AM Best's Financial Strength Ratings of the Company's reinsurers ranged between A- and A++ at June 30, 2020. While a ratings downgrade would result in an increase in provision for uncollectible reinsurance recoverables and a charge to earnings in that period, a downgrade in and of itself does not imply that the Company will be unable to collect all of the reinsurance recoverables from the reinsurers in question. To the extent the creditworthiness of the Company's reinsurers were to deteriorate due to an adverse event affecting the reinsurance industry, such as a large number of major catastrophes, actual uncollectible amounts could be significantly greater than the allowance for uncollectible reinsurance recoverables. The Company monitors credit risk by reviewing the credit ratings of its reinsurers, adequacy of letters of credit, and broader industry risks such as catastrophes impacting our reinsurers.
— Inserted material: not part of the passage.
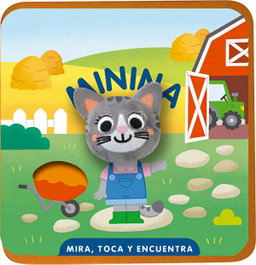 LIBROOKS Mira, toca y encuentra. Minina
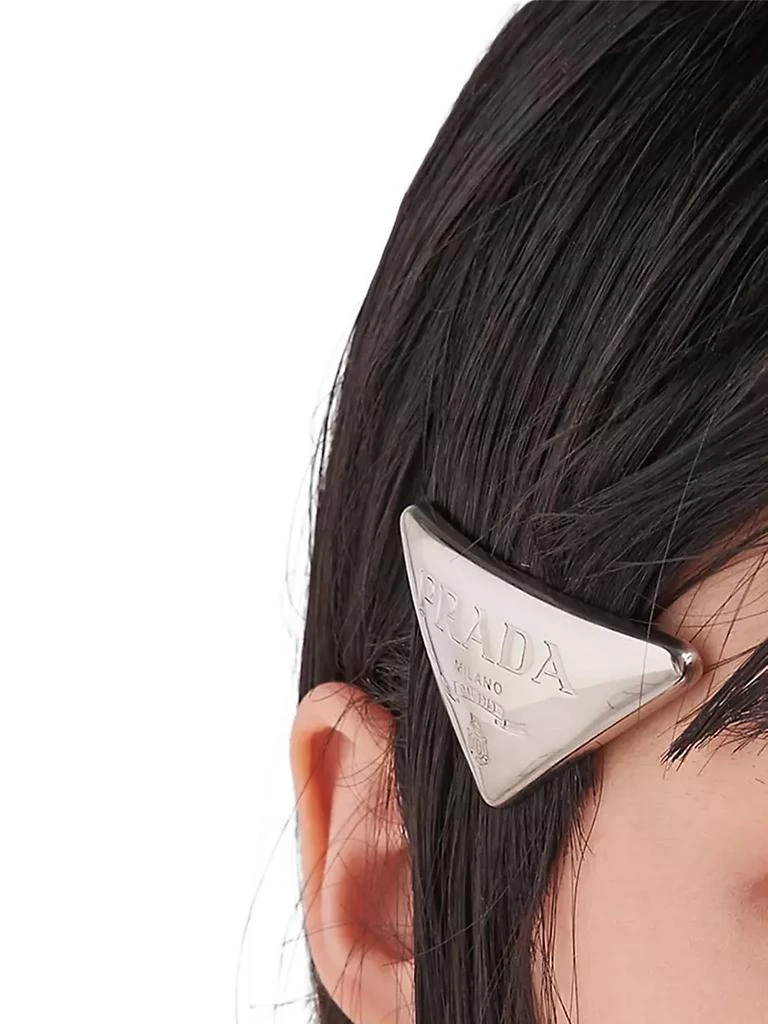 商品Prada|Metal Hair Clips,价格¥4982,第3张图片详细描述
The following table presents a summary of changes in allowance for credit losses on reinsurance recoverables:
 Three Months Ended June 30,Six Months Ended June 30,
 2020201920202019
 (Amounts in thousands)
Beginning balance$148  $—  $—  $—  
     Cumulative effect of adopting ASU 2016-13 for reinsurance recoverables—  —  159  —  
Beginning balance, as adjusted 148  —  159  —  
     Provision during the period for expected credit losses (60) —  (71) —  
Write-off amounts during the period—  —  —  —  
Recoveries during the period of amounts previously written off —  —  —  —  
Ending balance$88  $—  $88  $—  

Accrued Interest Receivables

The Company made certain accounting policy elections for its accrued interest receivables on the adoption date of Topic 326 as allowed: a) an election to present accrued interest receivable balances separately from the associated financial assets on the balance sheet, and b) an election not to measure an allowance for credit losses on accrued interest receivable amounts and instead write off uncollectible accrued interest amounts in a timely manner by reversing interest income.
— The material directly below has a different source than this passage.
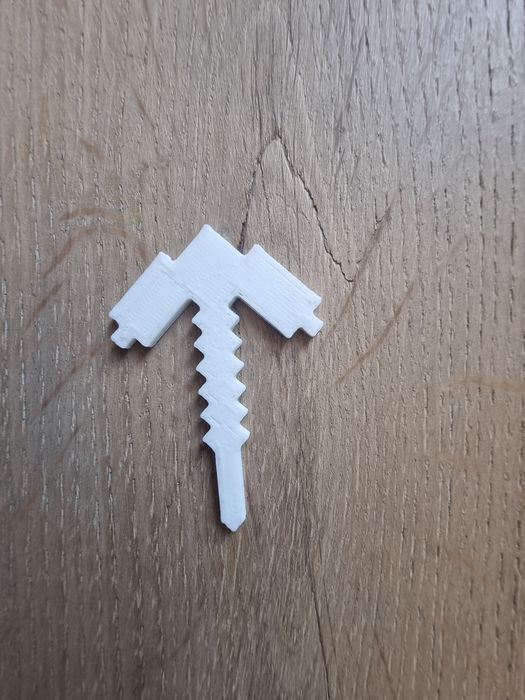 Boneco Minecraft Articulado c/Acessórios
As a general policy, the Company writes off the accrued interest receivable balance when it receives a default notice or when the scheduled interest payment is not received, unless management determines that the default is temporary considering all of the relevant information. The Company believes that for the majority of its investment securities, writing off the uncollectible interest receivable balance within a year from the due date is considered timely. In all cases, the Company writes off the accrued interest receivable immediately if management determines that it is not reasonably expected that the payment will be received. The Company did not have any cumulative-effect adjustment as a result of adopting Topic 326 for its accrued interest receivables. The Company's accrued interest receivable balances are included in accrued investment income receivables in its consolidated balance sheets. There were no accrued interest receivable amounts considered uncollectible or written off during the three and six months ended June 30, 2020 and 2019.